- _Work instructions_
For this listing, the lines between the one holding "Video sticker 💋" and the one holding "Hypericum perforatum, Clusiaceae.", inclusive, must be set down exactly.
::: Records supplied :::
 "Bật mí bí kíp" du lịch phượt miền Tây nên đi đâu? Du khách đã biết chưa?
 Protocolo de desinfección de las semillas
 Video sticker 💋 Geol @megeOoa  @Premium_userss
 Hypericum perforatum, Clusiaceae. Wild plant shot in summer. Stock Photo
:::
::: Records supplied :::
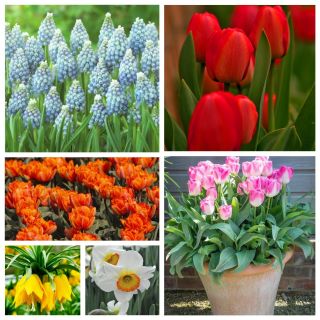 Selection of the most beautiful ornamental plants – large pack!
:::
- _Your solution_
 Video sticker 💋 Geol @megeOoa  @Premium_userss
 Hypericum perforatum, Clusiaceae. Wild plant shot in summer. Stock Photo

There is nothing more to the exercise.